Researchers of the University of Central Florida (UCF) announced that they have reached a solution that will solve the problem of the less efficiency and the high cost of the hydrogen fuel cell. The concept is making the structure of the device on the shape of a sandwich in order to use more materials as a catalyst in the cells.
The majority of hydrogen fuel cells use catalysts made of a rare and expensive metal – platinum. There are few alternatives because most elements can’t endure the fuel cell’s highly acidic solvents present in the reaction that converts hydrogen’s chemical energy into electrical power.

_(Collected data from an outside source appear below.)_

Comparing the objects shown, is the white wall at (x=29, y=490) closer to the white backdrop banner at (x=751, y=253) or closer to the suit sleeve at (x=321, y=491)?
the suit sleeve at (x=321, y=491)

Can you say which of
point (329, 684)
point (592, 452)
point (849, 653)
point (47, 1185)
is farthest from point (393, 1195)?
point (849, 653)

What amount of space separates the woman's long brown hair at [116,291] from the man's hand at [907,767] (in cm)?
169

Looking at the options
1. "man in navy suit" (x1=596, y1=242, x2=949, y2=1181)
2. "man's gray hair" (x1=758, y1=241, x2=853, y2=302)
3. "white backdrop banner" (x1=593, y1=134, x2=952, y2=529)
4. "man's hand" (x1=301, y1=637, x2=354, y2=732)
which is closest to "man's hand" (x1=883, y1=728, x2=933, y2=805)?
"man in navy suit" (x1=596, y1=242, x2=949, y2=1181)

Only four elements can resist the corrosive process – platinum, iridium, gold and palladium. The first two are rare and expensive, which makes them impractical for large-scale use. The other two don’t do well with the chemical reaction.
UCF Professor Sergey Stolbov and postdoctoral research associate Marisol Alcántara Ortigoza focused on making gold and palladium better suited for the reaction.
They created a sandwich-like structure that layers cheaper and more abundant elements with gold and palladium and other elements to make it more effective.
The outer monoatomic layer (the top of the sandwich) is either palladium or gold. Below it is a layer that works to enhance the energy conversion rate but also acts to protect the catalyst from the acidic environment. These two layers reside on the bottom slice of the sandwich — an inexpensive substrate (tungsten), which also plays a role in the stability of the catalyst.